**PROBLEM TO WORK ON**: Print, exactly and with no pictures, the line containing "2011 Toyota Tundra Grade 5.7L V8 (A6)" and each line after it to the end of the entries below.

**DATA SECTION**:
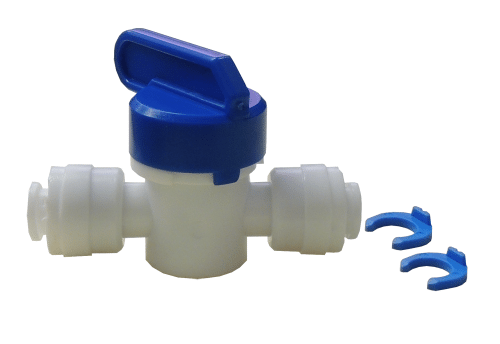 SPFUV14--SHUT OFF VALVE ¼", SPFUV14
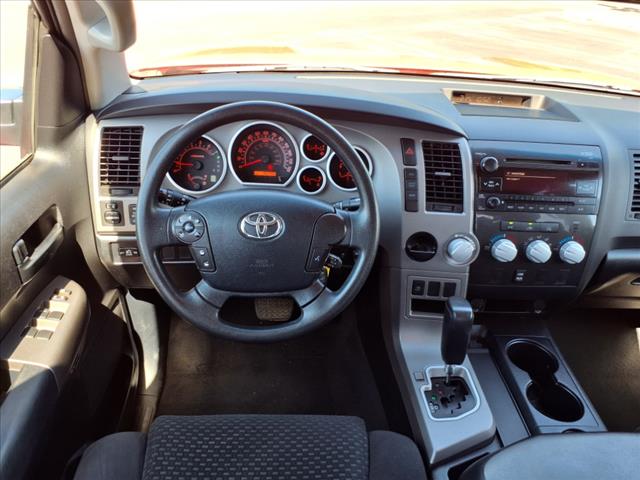 2011 Toyota Tundra Grade 5.7L V8 (A6)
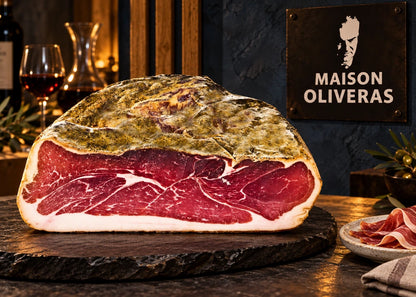 Demi Jambon Duroc, 24 mois d'affinage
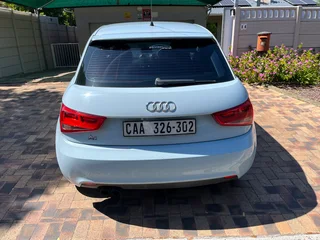 2011 Audi A1 Hatchback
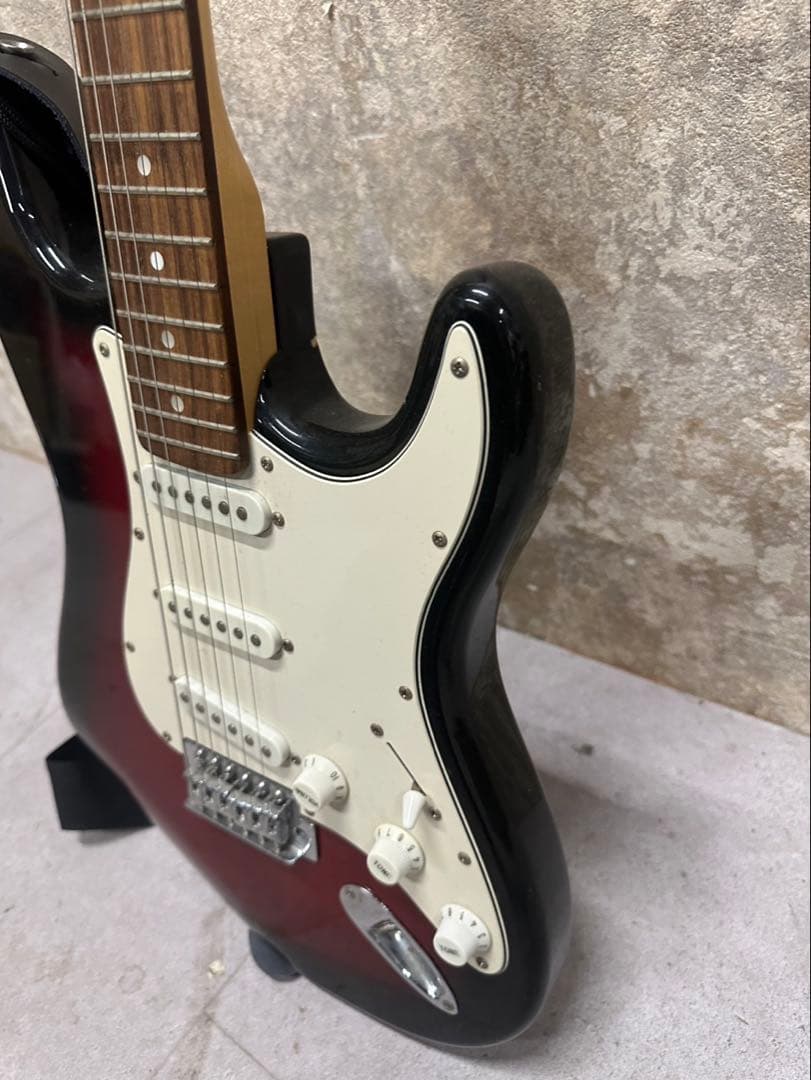 ⑳SELDERS ストラトキャスタータイプ SSS 3シングル エレキギター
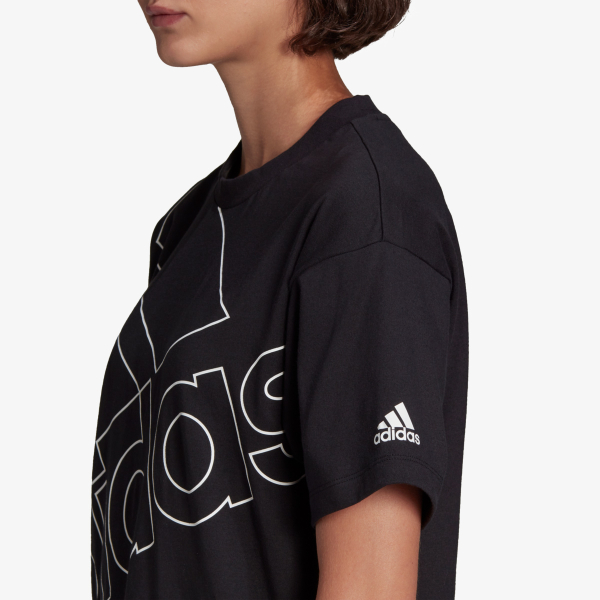adidas Giant Logo Tee 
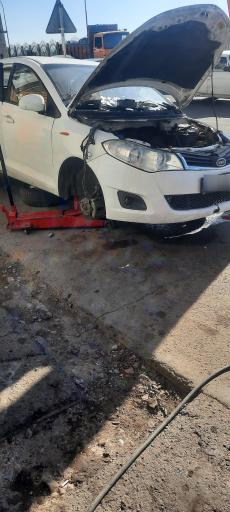 عکس مکانیکی میثم فتحی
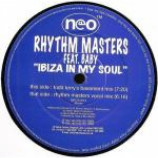 Rhythm Masters - Ibiza In My Soul - Vinyl 12 Inch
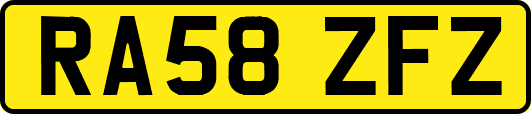 RA58ZFZ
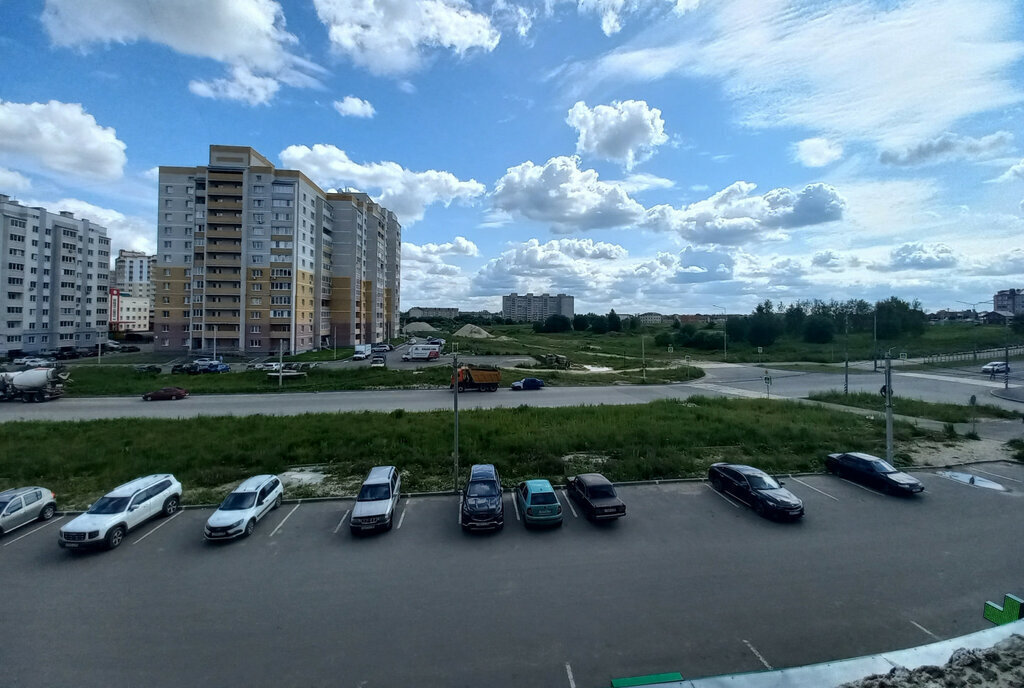 квартира г Владимир ул Всесвятская 12 фото 2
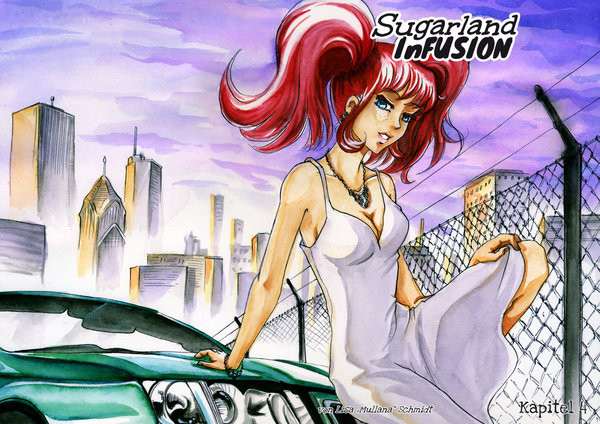 Sugarland InFUSION - Band 4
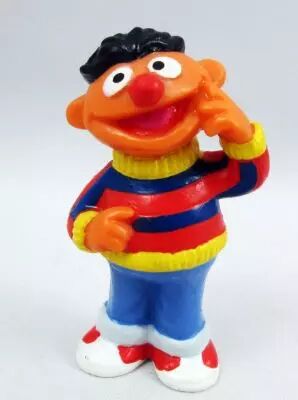 Sesame Street - Applause - figurine pvc 6cm - Ernest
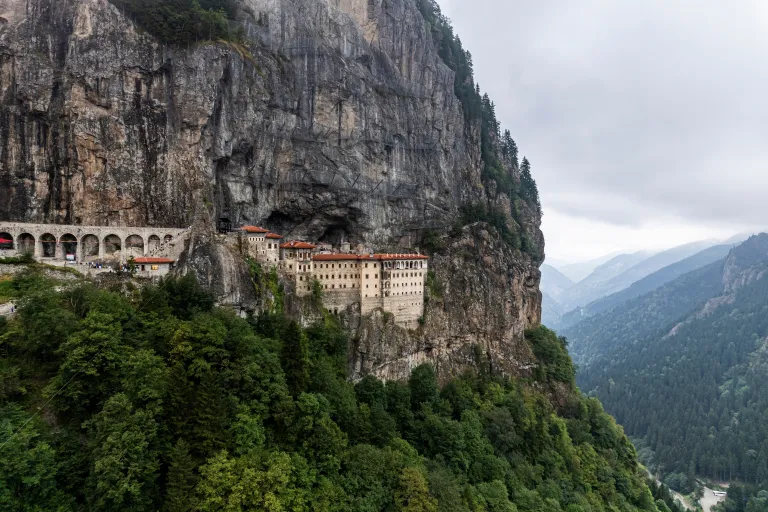 sumela monastery
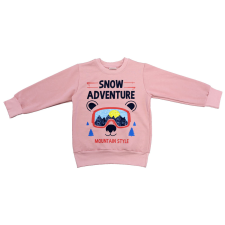 Asti Téli belül bolyhos pulóver gyerek pulóver, kardigán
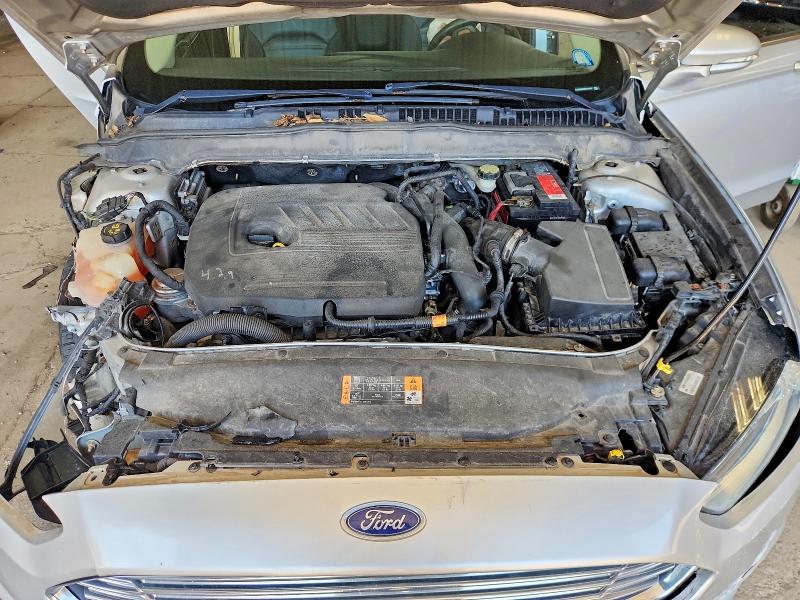 Aukcja sprzedaży 2014 Ford Fusion, vin: 3FA6P0HD0ER218787, numer aukcji: 63664626
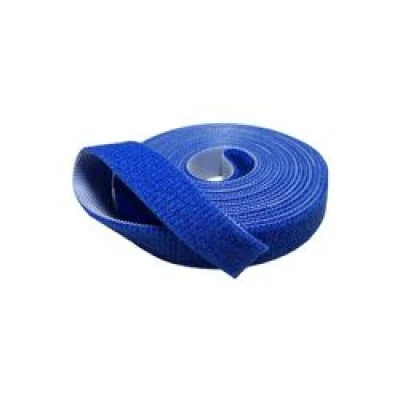 Velcro Azul - Rolo De 3m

**PROBLEM SOLUTION**:
 2011 Toyota Tundra Grade 5.7L V8 (A6)
 Demi Jambon Duroc, 24 mois d'affinage
 2011 Audi A1 Hatchback
 ⑳SELDERS ストラトキャスタータイプ SSS 3シングル エレキギター
adidas Giant Logo Tee 
 عکس مکانیکی میثم فتحی
 Rhythm Masters - Ibiza In My Soul - Vinyl 12 Inch
 RA58ZFZ
 квартира г Владимир ул Всесвятская 12 фото 2
 Sugarland InFUSION - Band 4
 Sesame Street - Applause - figurine pvc 6cm - Ernest
 sumela monastery
 Asti Téli belül bolyhos pulóver gyerek pulóver, kardigán
 Aukcja sprzedaży 2014 Ford Fusion, vin: 3FA6P0HD0ER218787, numer aukcji: 63664626
 Velcro Azul - Rolo De 3m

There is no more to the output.